As a teacher, I am impacted by my students’ immense affection, unlimited creativity, joyful laughter, and sponge-like ability to learn new material. When I taught a classroom of English Language Learners, I was amazed when my students became fluent English speakers in one year. Having witnessed such rapid development in my students, I realize that I am in a position to capitalize on their potential. My students deserve an excellent education, so each day I ask myself, “How can I be a better teacher? What can I do to push my students past the achievement gap?” I know that preparing my students well for Kindergarten can make a lasting difference in their academic careers. I often wonder how early childhood educators collectively can work together to influence students’ academic trajectories. My questions multiplied after attending Education Nation, a statewide education conference featured on NBC.

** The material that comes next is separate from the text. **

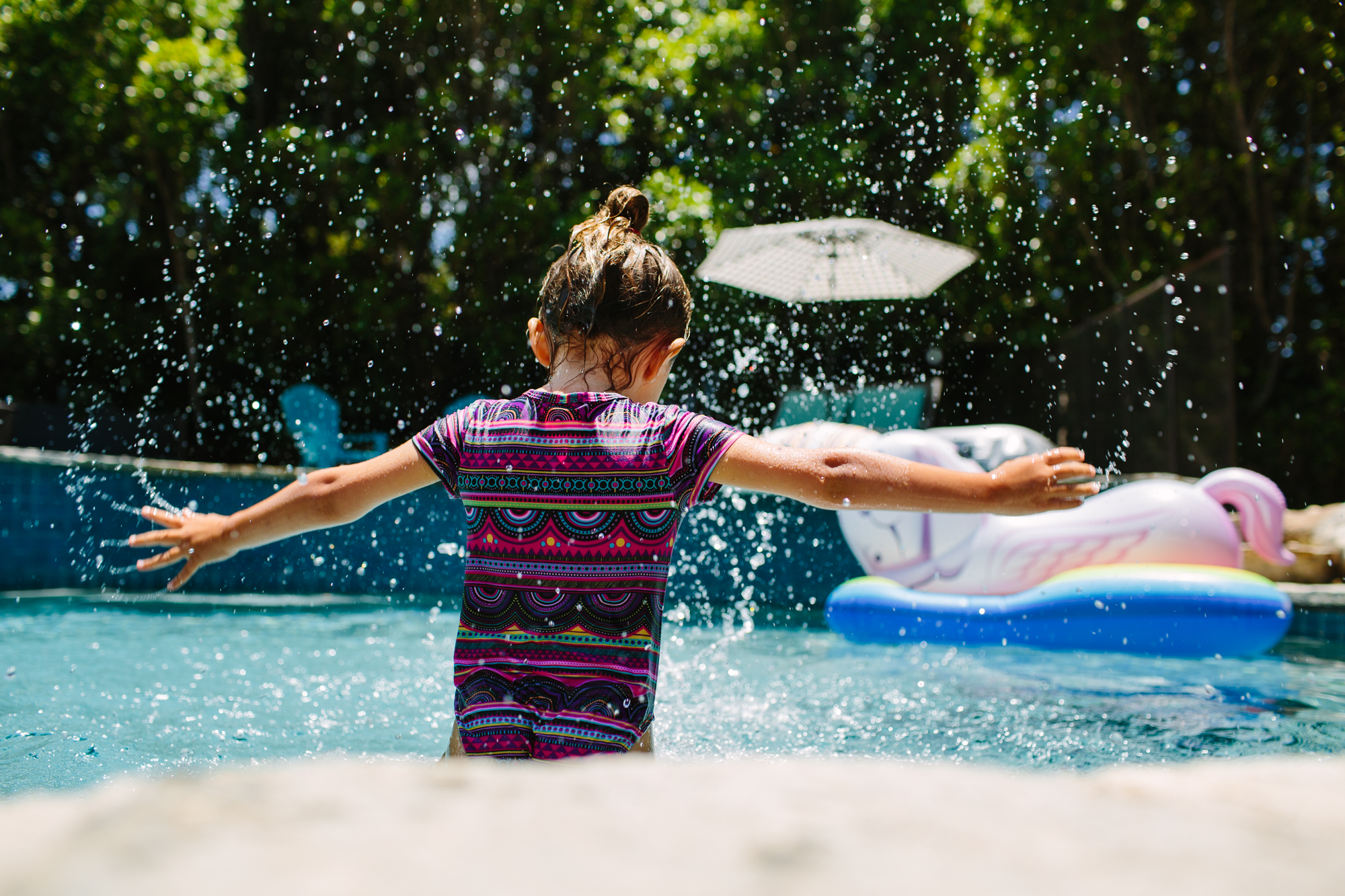 girl jumps in water - Documentary Family Photography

In a session at the conference, I listened to some of the most prominent voices in Colorado education discuss what will make the difference in education reform. The moderator asked the panel, “How will we make sure our third grade students are reading to learn instead of learning to read?” When answering this question, most of the panelists, including the Superintendent of Denver Public Schools and the Lieutenant Governor, said that you must begin early. The consensus seemed clear: quality early childhood education can improve the outcomes of students into elementary school and beyond.

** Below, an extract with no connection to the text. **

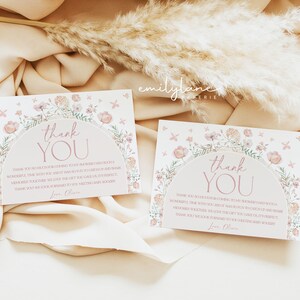 May include: Two pink and white floral thank you cards with a pink floral arch and the text "Thank You" in a pink script font. The text below the arch reads "Thank you so much for coming to my shower! I had such a wonderful time with you, and it was so fun to catch up and make memories together. We love the gift you gave us, it's perfect. Thank you, we look forward to you meeting baby [baby's name]. Love, Olivia."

New questions arose: What does quality look like in early childhood education? How does quality affect student outcomes? How do we measure quality? I started reading articles and looking at the factors that determine quality in ECE. I discovered that one of the most comprehensive assessments of quality is the Classroom Assessment Scoring System, commonly referred to as CLASS. CLASS assesses the nature and quality of teacher-child interactions, specifically in three global dimensions: Instructional Support, Classroom Organization, and Emotional Support. Higher scores on CLASS often predict growth in pre-k children’s achievement (Burchinal2010, p. 168).
Considering my own experience with CLASS and looking at data from classrooms around the country, I know achieving high scores on the CLASS is difficult, particularly within the Instructional Support dimension. CLASS is rated along a 1-7 scale, with 1-2 indicating low quality, 3, 4, 5 indicating mid-range, and 6 or 7 indicating high quality. In a research study about how quality assessed by the CLASS tool corresponded to student outcomes, CLASS evaluations were compiled from 671 classrooms in 11 states. The mean score for Emotional Support was 5.49 and the average score for Instructional Support was 2.04. The study indicated that “children acquire academic skills only when the minimal standards represented by [the] cut-off point of above 3.25 on the CLASS Instructional Quality Dimension are met…” (Burchinal 2010, p. 174). Only 13% of these classrooms scored above 3.25 in Instructional Support.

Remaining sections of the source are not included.